Poles are voting Sunday in a parliamentary election that the ruling party of Jaroslaw Kaczynski is favored to win easily, buoyed by the popularity of its social conservatism and generous social spending policies that have reduced poverty.
Law and Justice is the first party since the fall of communism to break with the austerity of previous governments. Those free-market policies took a moribund communist economy and transformed it into one of Europe's most dynamic.
However, many Poles were left out in that transformation and inequalities grew, creating grievances that Law and Justice has addressed skillfully. Its most popular program, called 500+, gives away 500 zlotys ($125) to families per month per child, taking the edge off poverty for some and giving more disposable income to all recipients.

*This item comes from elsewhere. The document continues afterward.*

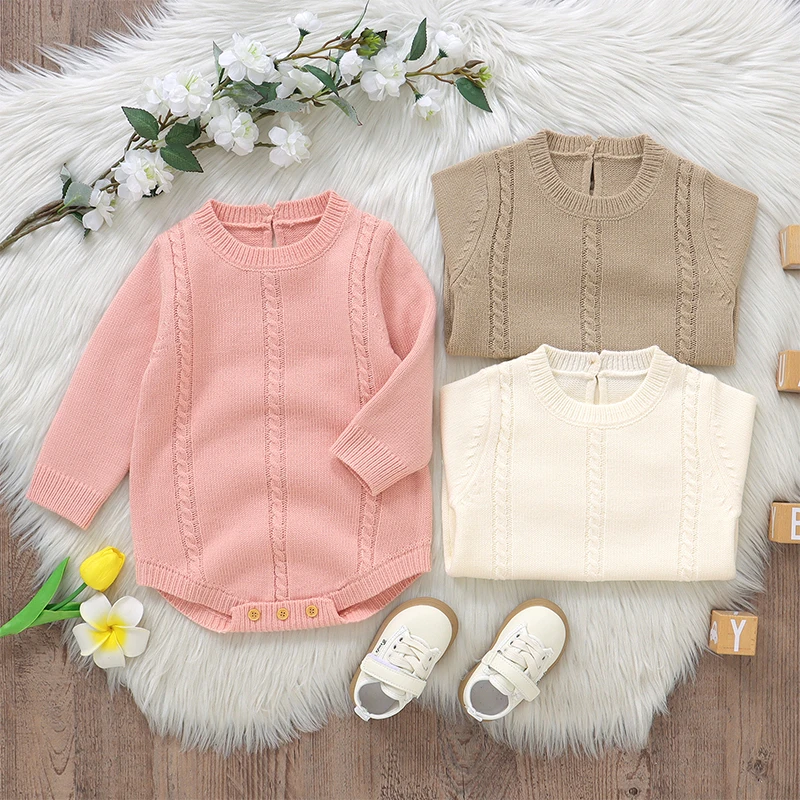 

VISgogo 0-18 Months Baby Girl Boy Sweater Romper Solid Color Crew Neck Long Sleeve Cable Knit Bodysuits for Winter Fall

However, many of the party's liberal critics fear that another four-year term for Law and Justice will reverse the achievements made three decades ago in this Central European nation, long hailed as a model of democratic transformation.
They cite an erosion of judicial independence, pluralism and minority rights since the party took power in 2015.
More than 30 million people in this nation of 37 million are qualified to vote. They are choosing lawmakers in the 460-seat lower house of parliament and in the 100-seat Senate.
Challenge in Hungary
One country away, Hungarian Prime Minister Viktor Orban's dominant right-wing Fidesz party is facing a challenge from opposition parties who are backing a joint candidate in many cities in local elections nationwide.
Fidesz has been easily winning local, national and European Parliament elections since 2010, but a more unified opposition and the release of a video showing one of the party's best-known mayors, former Olympic champion gymnast Zsolt Borkai, participating in an orgy on a yacht have shaken up the last days of the campaign.
More than 8 million people are eligible to vote Sunday for more than 3,000 mayors and 17,200 local council members elected for five-year terms.